» **Exercise goal**
Please copy, exactly as they appear below, the lines from the one containing "Women’s Eagles Super Bowl champions tee" through the one containing "19786 75B AVENUE - photo 3 of 40".

··· Source information

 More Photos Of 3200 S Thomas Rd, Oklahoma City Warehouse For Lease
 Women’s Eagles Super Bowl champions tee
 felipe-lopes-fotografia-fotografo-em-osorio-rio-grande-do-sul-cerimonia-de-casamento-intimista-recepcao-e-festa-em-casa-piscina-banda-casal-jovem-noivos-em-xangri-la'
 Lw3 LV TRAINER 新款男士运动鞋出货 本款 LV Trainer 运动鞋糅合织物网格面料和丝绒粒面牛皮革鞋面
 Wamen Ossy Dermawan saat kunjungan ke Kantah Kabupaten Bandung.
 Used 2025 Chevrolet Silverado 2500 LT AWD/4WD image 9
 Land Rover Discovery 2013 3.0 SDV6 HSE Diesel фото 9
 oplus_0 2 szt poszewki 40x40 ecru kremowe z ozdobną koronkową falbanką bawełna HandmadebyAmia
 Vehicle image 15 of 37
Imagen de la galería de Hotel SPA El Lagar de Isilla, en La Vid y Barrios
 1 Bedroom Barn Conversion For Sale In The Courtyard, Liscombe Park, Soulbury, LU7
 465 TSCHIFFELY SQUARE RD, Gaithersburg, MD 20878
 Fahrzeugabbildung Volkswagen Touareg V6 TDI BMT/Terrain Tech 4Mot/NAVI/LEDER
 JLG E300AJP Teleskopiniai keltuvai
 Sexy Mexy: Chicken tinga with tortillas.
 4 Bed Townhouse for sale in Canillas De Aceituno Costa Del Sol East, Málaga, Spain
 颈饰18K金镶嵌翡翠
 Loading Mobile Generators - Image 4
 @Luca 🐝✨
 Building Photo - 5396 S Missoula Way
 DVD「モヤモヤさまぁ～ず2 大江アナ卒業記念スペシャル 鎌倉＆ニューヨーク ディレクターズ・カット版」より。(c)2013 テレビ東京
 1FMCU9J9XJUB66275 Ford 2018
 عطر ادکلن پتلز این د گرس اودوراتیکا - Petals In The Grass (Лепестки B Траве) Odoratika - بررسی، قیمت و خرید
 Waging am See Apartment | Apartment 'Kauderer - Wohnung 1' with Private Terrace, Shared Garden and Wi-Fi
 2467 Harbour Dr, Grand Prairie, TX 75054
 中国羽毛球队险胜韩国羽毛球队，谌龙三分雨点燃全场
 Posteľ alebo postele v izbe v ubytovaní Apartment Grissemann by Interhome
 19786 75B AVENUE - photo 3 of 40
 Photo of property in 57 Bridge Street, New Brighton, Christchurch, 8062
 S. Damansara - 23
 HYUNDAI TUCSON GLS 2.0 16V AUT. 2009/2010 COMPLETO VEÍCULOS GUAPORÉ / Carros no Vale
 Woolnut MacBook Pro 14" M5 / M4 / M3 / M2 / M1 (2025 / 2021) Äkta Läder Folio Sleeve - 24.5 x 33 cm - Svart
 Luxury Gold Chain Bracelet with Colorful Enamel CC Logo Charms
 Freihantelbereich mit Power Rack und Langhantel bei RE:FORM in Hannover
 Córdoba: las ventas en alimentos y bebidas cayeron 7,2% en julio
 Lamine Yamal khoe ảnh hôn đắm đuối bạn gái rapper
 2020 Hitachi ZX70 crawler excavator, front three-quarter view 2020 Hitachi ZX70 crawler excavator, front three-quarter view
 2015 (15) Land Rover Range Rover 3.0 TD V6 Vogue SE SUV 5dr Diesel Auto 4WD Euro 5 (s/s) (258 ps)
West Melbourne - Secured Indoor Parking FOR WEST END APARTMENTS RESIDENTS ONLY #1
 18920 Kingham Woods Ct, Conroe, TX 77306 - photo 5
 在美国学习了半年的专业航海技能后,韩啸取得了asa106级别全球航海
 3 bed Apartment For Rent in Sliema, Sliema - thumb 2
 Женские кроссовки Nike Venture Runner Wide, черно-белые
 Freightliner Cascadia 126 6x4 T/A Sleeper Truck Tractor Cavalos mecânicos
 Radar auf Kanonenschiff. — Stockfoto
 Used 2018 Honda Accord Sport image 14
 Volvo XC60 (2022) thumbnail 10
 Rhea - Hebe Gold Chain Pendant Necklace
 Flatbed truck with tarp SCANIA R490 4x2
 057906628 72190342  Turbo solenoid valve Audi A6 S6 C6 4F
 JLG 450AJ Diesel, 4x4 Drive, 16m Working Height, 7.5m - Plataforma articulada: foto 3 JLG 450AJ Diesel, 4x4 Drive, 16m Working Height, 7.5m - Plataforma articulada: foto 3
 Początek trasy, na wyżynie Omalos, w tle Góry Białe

······

» **Answer to the problem**
 Women’s Eagles Super Bowl champions tee
 felipe-lopes-fotografia-fotografo-em-osorio-rio-grande-do-sul-cerimonia-de-casamento-intimista-recepcao-e-festa-em-casa-piscina-banda-casal-jovem-noivos-em-xangri-la'
 Lw3 LV TRAINER 新款男士运动鞋出货 本款 LV Trainer 运动鞋糅合织物网格面料和丝绒粒面牛皮革鞋面
 Wamen Ossy Dermawan saat kunjungan ke Kantah Kabupaten Bandung.
 Used 2025 Chevrolet Silverado 2500 LT AWD/4WD image 9
 Land Rover Discovery 2013 3.0 SDV6 HSE Diesel фото 9
 oplus_0 2 szt poszewki 40x40 ecru kremowe z ozdobną koronkową falbanką bawełna HandmadebyAmia
 Vehicle image 15 of 37
Imagen de la galería de Hotel SPA El Lagar de Isilla, en La Vid y Barrios
 1 Bedroom Barn Conversion For Sale In The Courtyard, Liscombe Park, Soulbury, LU7
 465 TSCHIFFELY SQUARE RD, Gaithersburg, MD 20878
 Fahrzeugabbildung Volkswagen Touareg V6 TDI BMT/Terrain Tech 4Mot/NAVI/LEDER
 JLG E300AJP Teleskopiniai keltuvai
 Sexy Mexy: Chicken tinga with tortillas.
 4 Bed Townhouse for sale in Canillas De Aceituno Costa Del Sol East, Málaga, Spain
 颈饰18K金镶嵌翡翠
 Loading Mobile Generators - Image 4
 @Luca 🐝✨
 Building Photo - 5396 S Missoula Way
 DVD「モヤモヤさまぁ～ず2 大江アナ卒業記念スペシャル 鎌倉＆ニューヨーク ディレクターズ・カット版」より。(c)2013 テレビ東京
 1FMCU9J9XJUB66275 Ford 2018
 عطر ادکلن پتلز این د گرس اودوراتیکا - Petals In The Grass (Лепестки B Траве) Odoratika - بررسی، قیمت و خرید
 Waging am See Apartment | Apartment 'Kauderer - Wohnung 1' with Private Terrace, Shared Garden and Wi-Fi
 2467 Harbour Dr, Grand Prairie, TX 75054
 中国羽毛球队险胜韩国羽毛球队，谌龙三分雨点燃全场
 Posteľ alebo postele v izbe v ubytovaní Apartment Grissemann by Interhome
 19786 75B AVENUE - photo 3 of 40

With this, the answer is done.